---------- Supplied data

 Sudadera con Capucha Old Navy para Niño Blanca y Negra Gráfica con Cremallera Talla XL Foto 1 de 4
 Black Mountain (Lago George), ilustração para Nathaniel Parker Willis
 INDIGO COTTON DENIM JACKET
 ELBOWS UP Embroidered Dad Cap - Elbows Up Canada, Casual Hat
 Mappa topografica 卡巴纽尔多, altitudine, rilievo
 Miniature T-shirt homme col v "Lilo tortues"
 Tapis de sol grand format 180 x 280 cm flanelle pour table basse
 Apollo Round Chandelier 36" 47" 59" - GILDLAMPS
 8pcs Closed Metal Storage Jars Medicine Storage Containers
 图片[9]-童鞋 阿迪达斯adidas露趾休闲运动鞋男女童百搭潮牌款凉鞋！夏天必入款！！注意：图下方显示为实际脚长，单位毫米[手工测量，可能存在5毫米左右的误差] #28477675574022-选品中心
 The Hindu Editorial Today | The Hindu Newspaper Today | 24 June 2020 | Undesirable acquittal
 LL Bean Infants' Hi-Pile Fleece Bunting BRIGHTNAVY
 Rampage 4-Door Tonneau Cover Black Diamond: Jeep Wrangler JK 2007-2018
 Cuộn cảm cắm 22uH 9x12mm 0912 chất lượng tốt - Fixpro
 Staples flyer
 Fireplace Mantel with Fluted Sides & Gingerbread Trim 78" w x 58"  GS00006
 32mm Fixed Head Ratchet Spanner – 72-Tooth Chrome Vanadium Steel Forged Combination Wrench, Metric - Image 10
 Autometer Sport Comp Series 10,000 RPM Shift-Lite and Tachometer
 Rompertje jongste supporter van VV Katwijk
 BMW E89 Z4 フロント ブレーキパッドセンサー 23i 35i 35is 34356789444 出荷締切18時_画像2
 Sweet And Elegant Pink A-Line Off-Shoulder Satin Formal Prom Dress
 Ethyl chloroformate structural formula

--------------------

[Task statement] Repeat only what runs from the line holding "BMW E89 Z4 フロント" to the end of the data, keeping every line exactly as written, first and last included.

[Exercise output]
 BMW E89 Z4 フロント ブレーキパッドセンサー 23i 35i 35is 34356789444 出荷締切18時_画像2
 Sweet And Elegant Pink A-Line Off-Shoulder Satin Formal Prom Dress
 Ethyl chloroformate structural formula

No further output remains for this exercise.